- Source material:
____________________
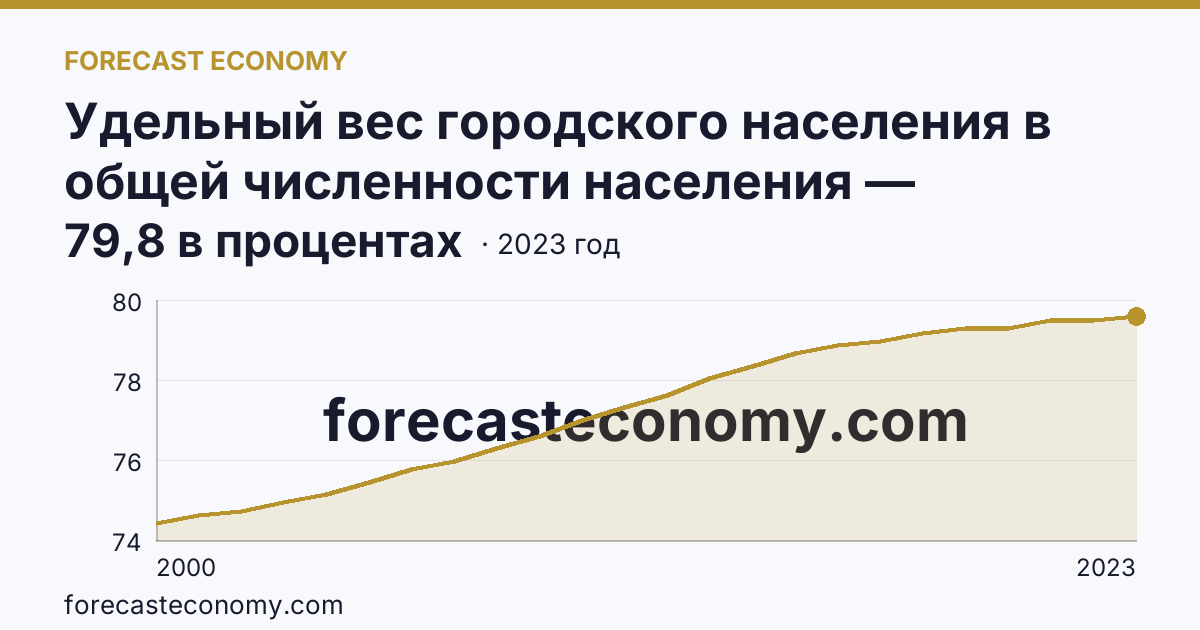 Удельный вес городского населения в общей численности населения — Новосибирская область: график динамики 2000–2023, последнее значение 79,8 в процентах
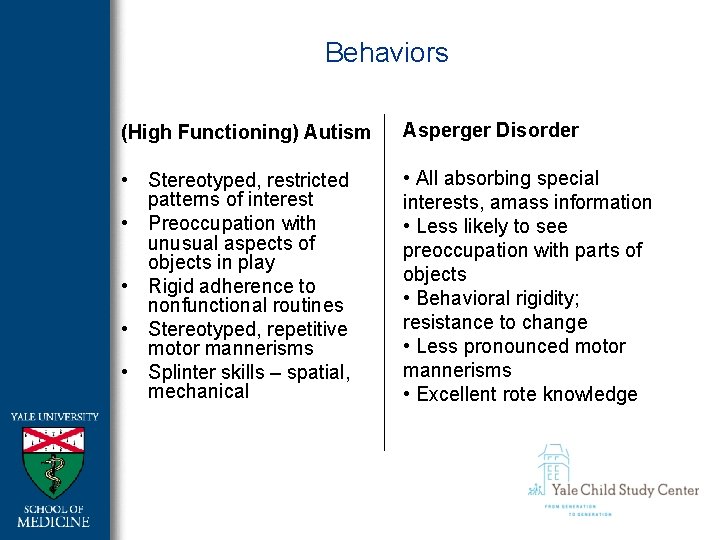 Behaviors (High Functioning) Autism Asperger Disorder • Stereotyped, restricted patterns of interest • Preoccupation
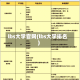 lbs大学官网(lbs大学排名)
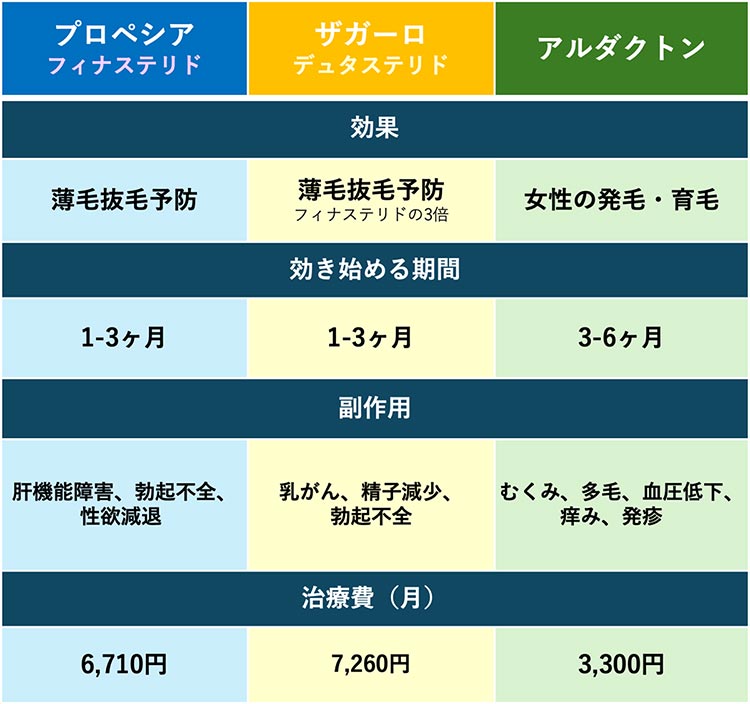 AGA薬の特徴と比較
____________________
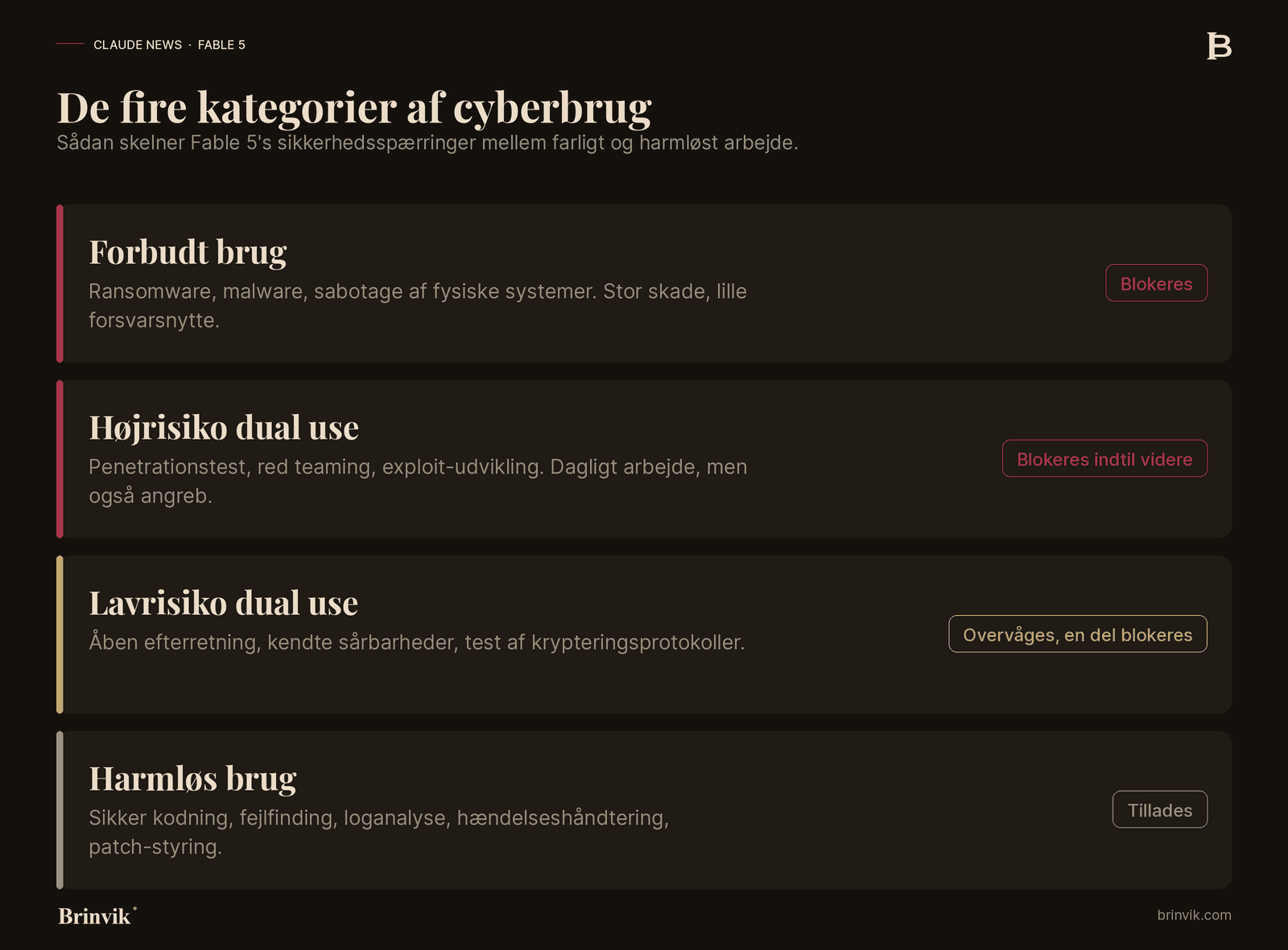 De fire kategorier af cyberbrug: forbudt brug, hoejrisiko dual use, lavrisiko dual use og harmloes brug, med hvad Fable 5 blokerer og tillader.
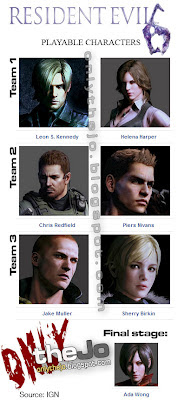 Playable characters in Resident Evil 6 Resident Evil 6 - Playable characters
____________________
- Work instruction:
Output exactly the lines of the listing above that start with the one holding "De fire kategorier" and go on through the one holding "Playable characters in"; leave the pictures out.

- Written answer:
 De fire kategorier af cyberbrug: forbudt brug, hoejrisiko dual use, lavrisiko dual use og harmloes brug, med hvad Fable 5 blokerer og tillader.
 Playable characters in Resident Evil 6 Resident Evil 6 - Playable characters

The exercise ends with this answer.